| DATASET RECORDS |
____

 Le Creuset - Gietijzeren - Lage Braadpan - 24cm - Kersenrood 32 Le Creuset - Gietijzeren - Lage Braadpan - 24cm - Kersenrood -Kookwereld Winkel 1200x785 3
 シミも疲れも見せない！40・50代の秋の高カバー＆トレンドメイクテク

____

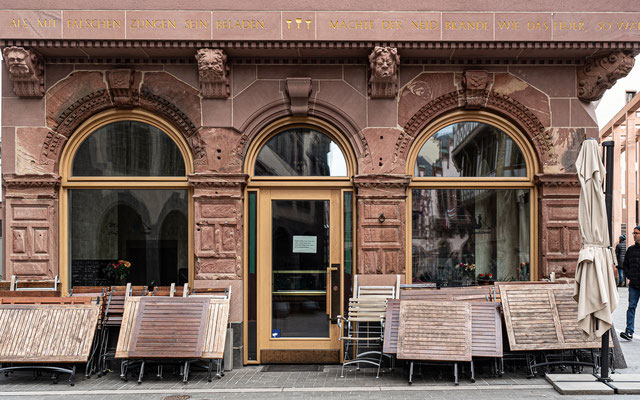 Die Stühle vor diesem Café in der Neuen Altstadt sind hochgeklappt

____

| ASSIGNMENT |
Give back, exactly as written, the stretch from the line with "Winkel 1200x785 3" through the line with "シミも疲れも見せない！40・50代の秋の高カバー＆トレンドメイクテク", and no other lines from the records above.

| RESULT |
 Le Creuset - Gietijzeren - Lage Braadpan - 24cm - Kersenrood 32 Le Creuset - Gietijzeren - Lage Braadpan - 24cm - Kersenrood -Kookwereld Winkel 1200x785 3
 シミも疲れも見せない！40・50代の秋の高カバー＆トレンドメイクテク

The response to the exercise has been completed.